Apart from the pictures, return every line of the listing exactly.

• [Data provided]
────────────────────
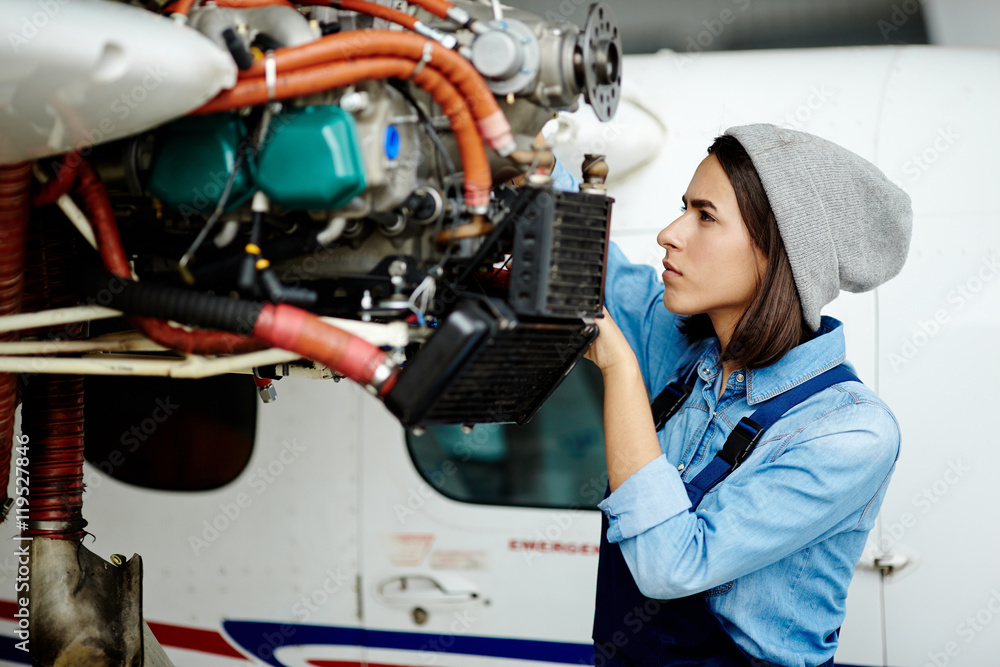 Wall mural Repairing airplane motor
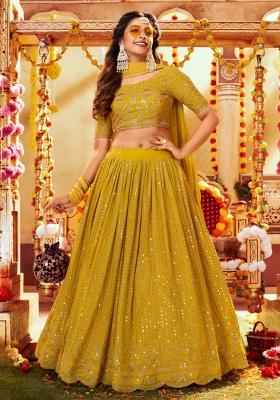 Yellow Sequence And Thread Work Georgette Lehenga Set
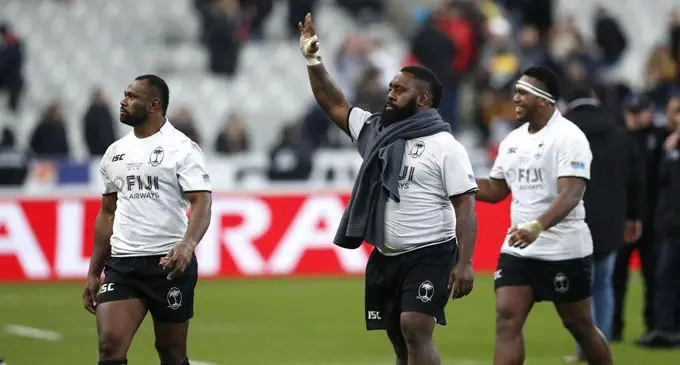Fiji Airways Flying Fijians reps from left: Vereniki Goneva, Manasa Saulo and Eroni Mawi in Paris.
────────────────────
• [Answer box]
 Wall mural Repairing airplane motor
 Yellow Sequence And Thread Work Georgette Lehenga Set
Fiji Airways Flying Fijians reps from left: Vereniki Goneva, Manasa Saulo and Eroni Mawi in Paris.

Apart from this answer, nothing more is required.